**Task:**
Look in the listing below for the line that has "鲜花纸加蓬防水板（图3）", then return it and each following line up to and including the one with "Manhattan Comfort Tribeca", exactly and without pictures.

Information provided section start

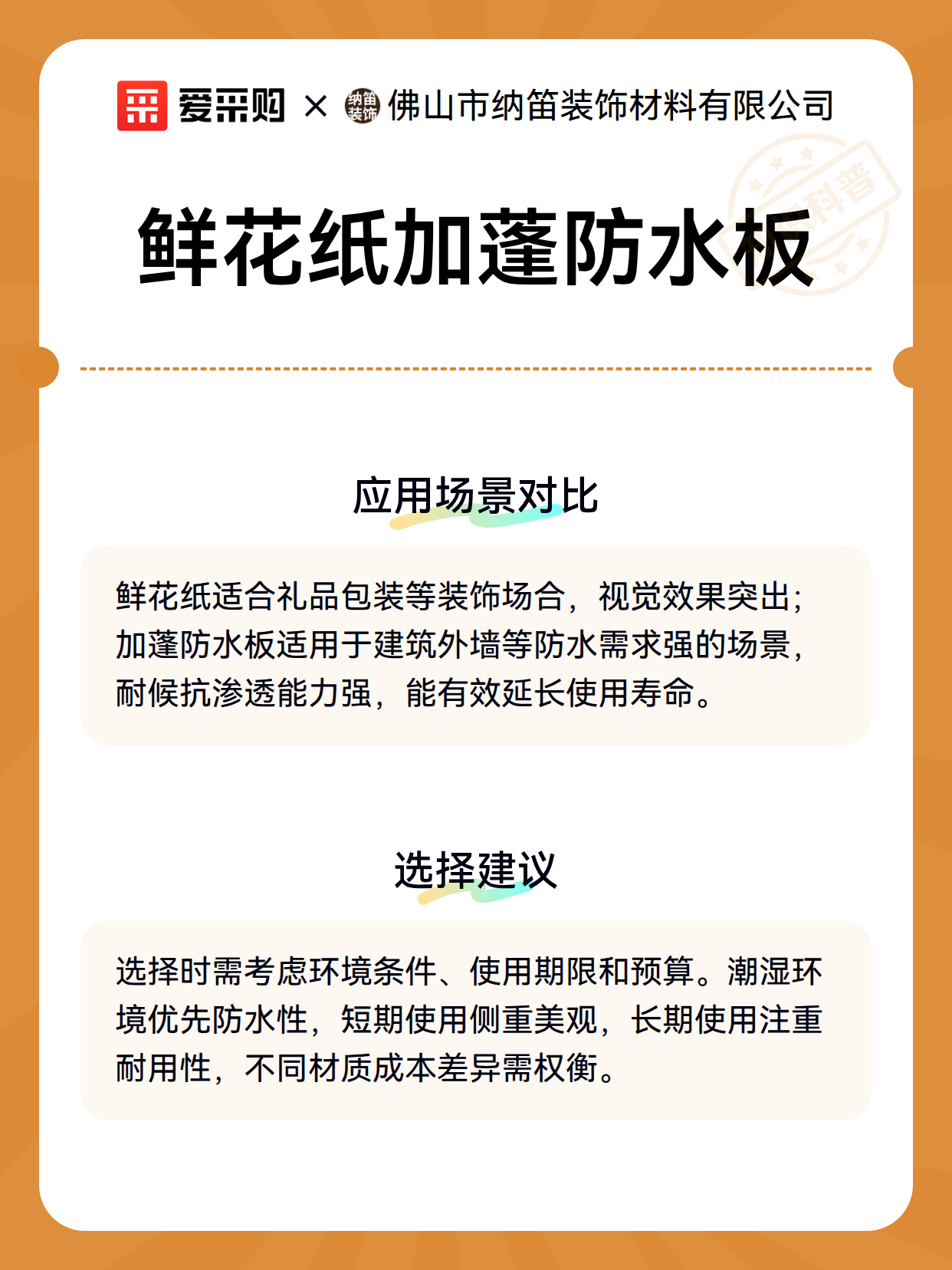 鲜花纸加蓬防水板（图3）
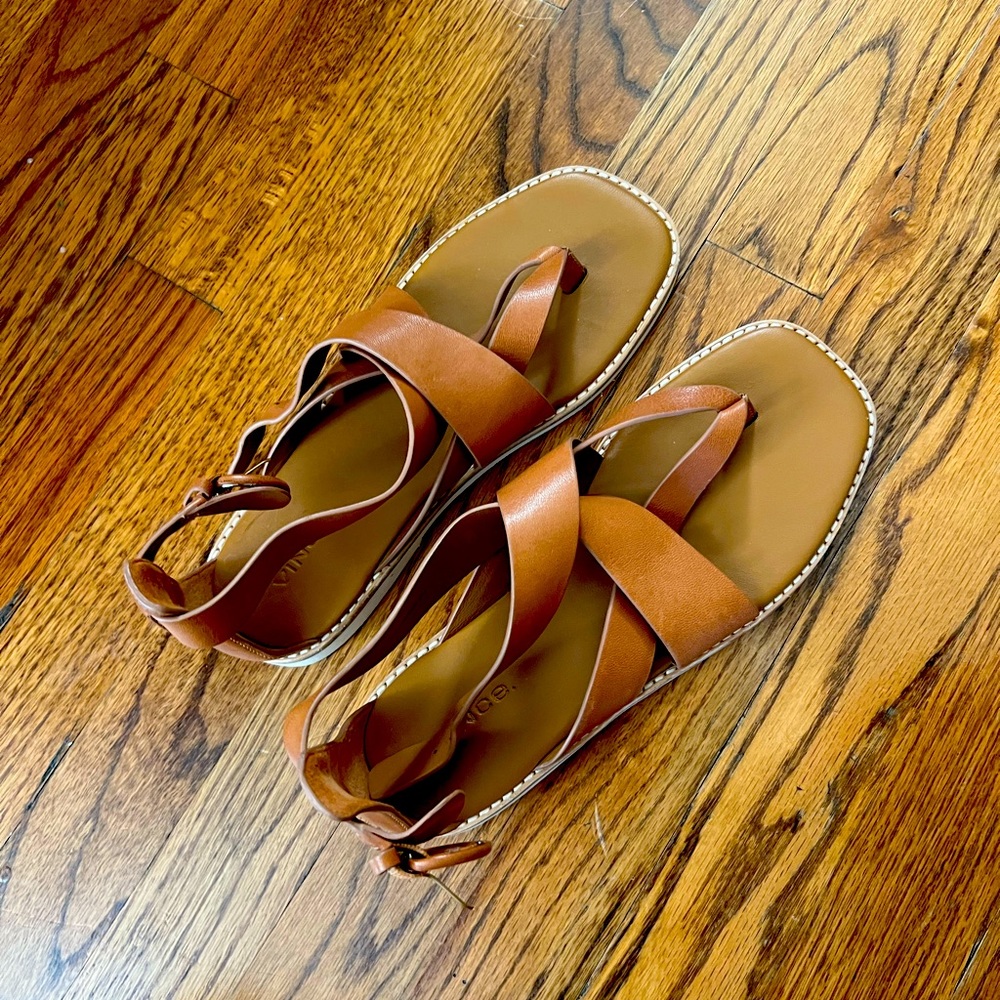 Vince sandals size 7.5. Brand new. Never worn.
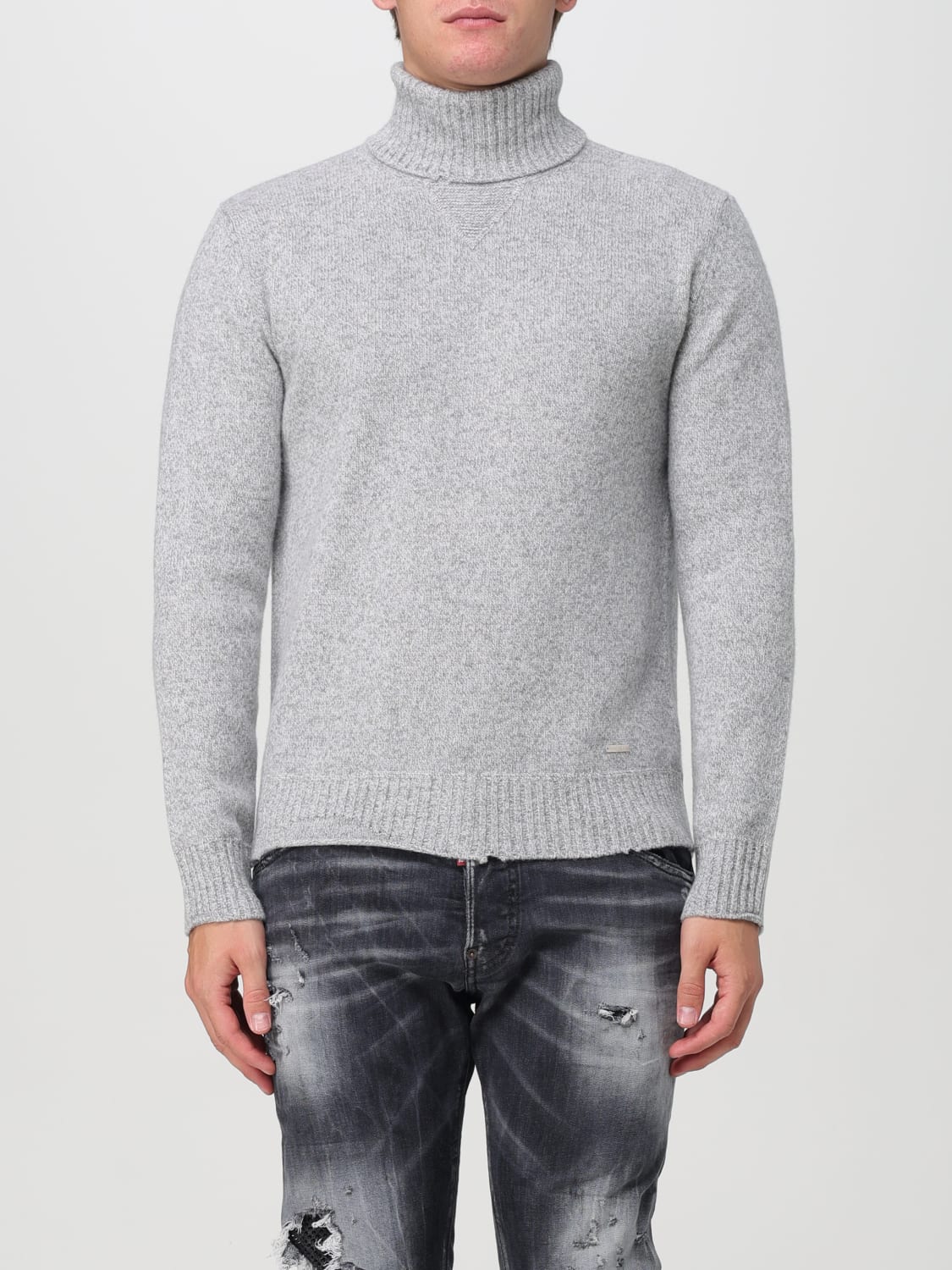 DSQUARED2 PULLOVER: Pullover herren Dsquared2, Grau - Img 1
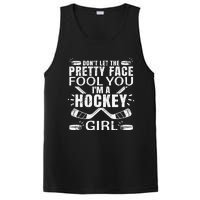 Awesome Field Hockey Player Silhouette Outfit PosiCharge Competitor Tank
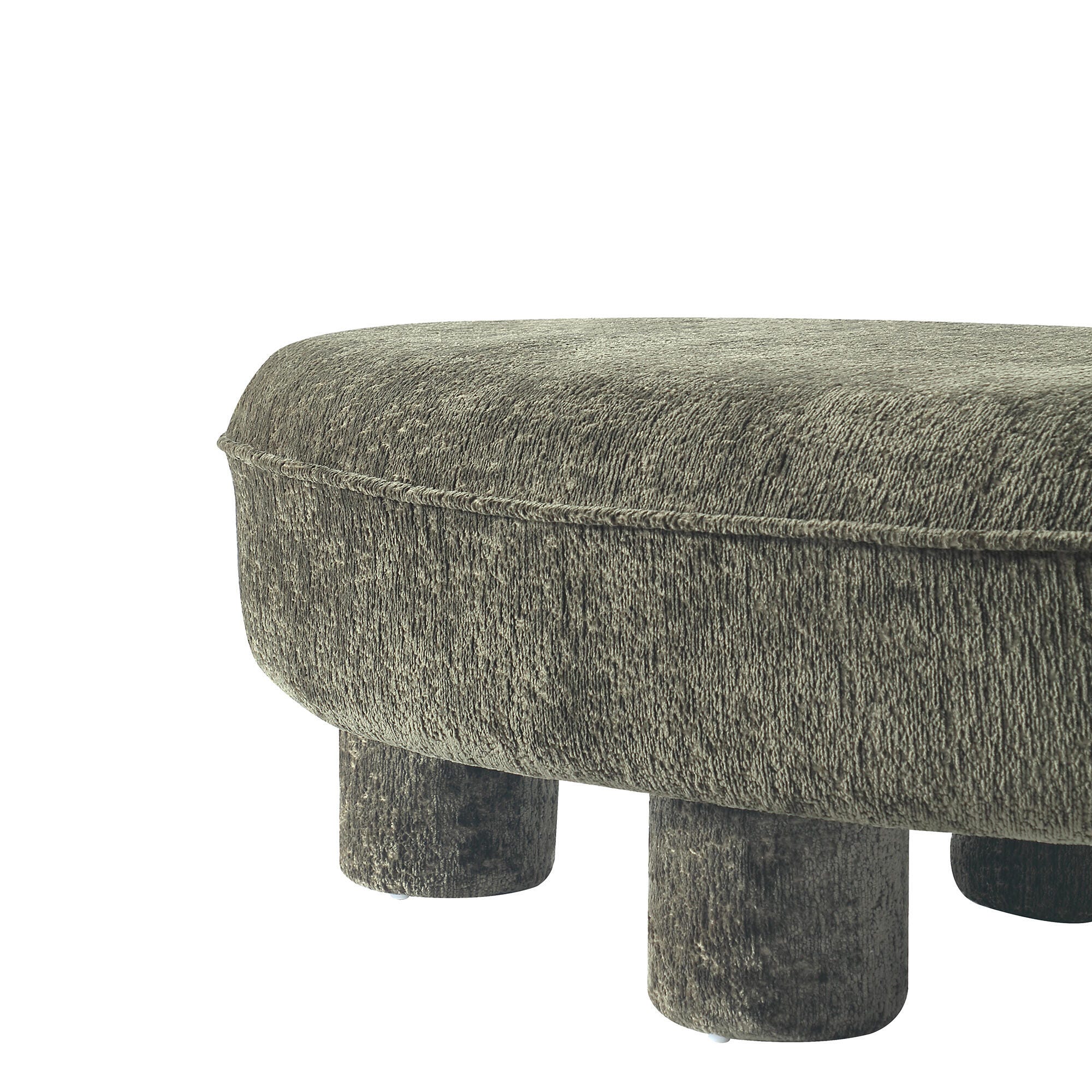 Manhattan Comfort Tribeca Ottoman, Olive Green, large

Information provided section end
Information provided section start

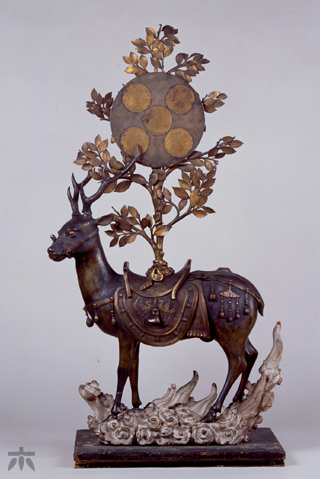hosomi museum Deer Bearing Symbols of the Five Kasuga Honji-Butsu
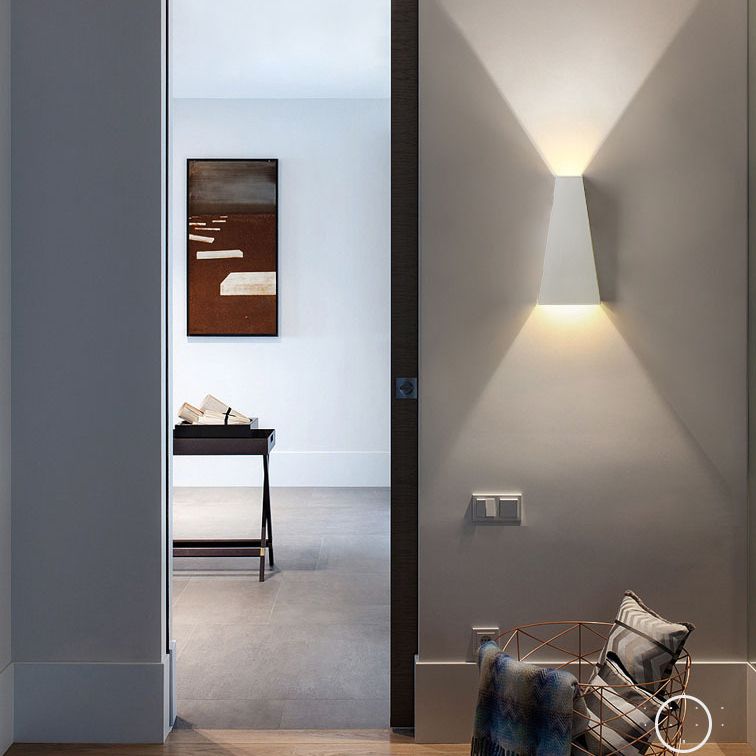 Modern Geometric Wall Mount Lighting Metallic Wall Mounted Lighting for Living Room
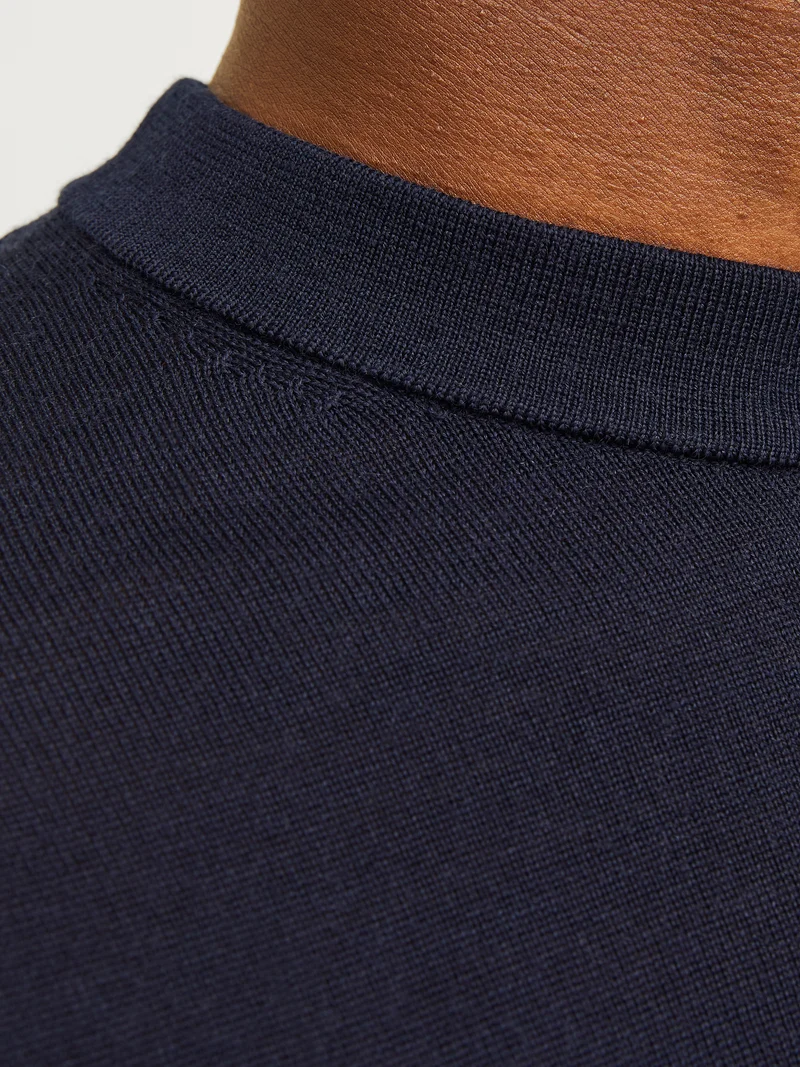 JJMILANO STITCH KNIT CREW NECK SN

Information provided section end

**Solution to this problem:**
 鲜花纸加蓬防水板（图3）
 Vince sandals size 7.5. Brand new. Never worn.
 DSQUARED2 PULLOVER: Pullover herren Dsquared2, Grau - Img 1
 Awesome Field Hockey Player Silhouette Outfit PosiCharge Competitor Tank
 Manhattan Comfort Tribeca Ottoman, Olive Green, large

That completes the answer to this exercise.